[DATA SEGMENT — start]
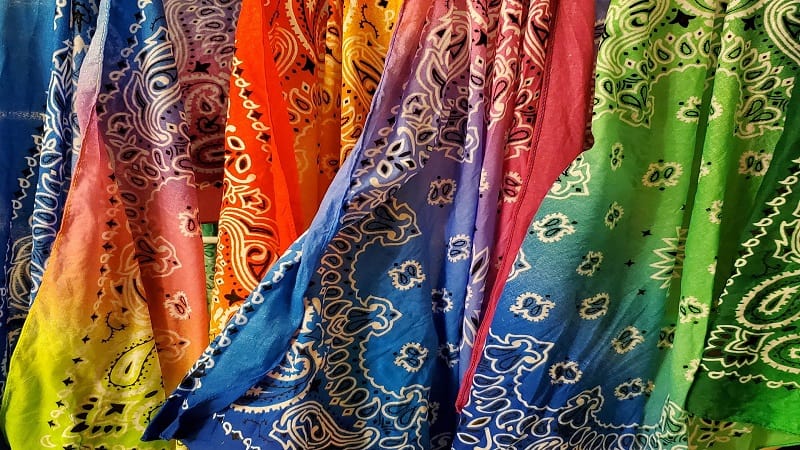 colorful bandanas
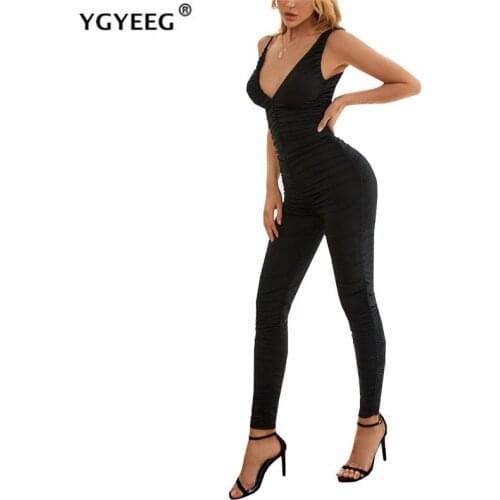 YGYEEG Sexy Women Tracksuit Jumpsuit High Waist Slim Sport Backless Top Running Sportswear Pants Push Up Summer Casual Clothes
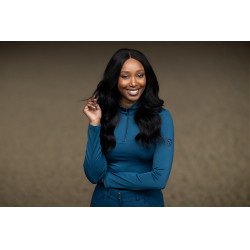 Base layer Equestrian Stockholm Vision a maniche lunghe da donna Prateria blu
[DATA SEGMENT — finish]
* TASK TO COMPLETE:
For this exercise, write out the listing verbatim and leave every image out.

* RESULT BELOW:
 colorful bandanas
 YGYEEG Sexy Women Tracksuit Jumpsuit High Waist Slim Sport Backless Top Running Sportswear Pants Push Up Summer Casual Clothes
 Base layer Equestrian Stockholm Vision a maniche lunghe da donna Prateria blu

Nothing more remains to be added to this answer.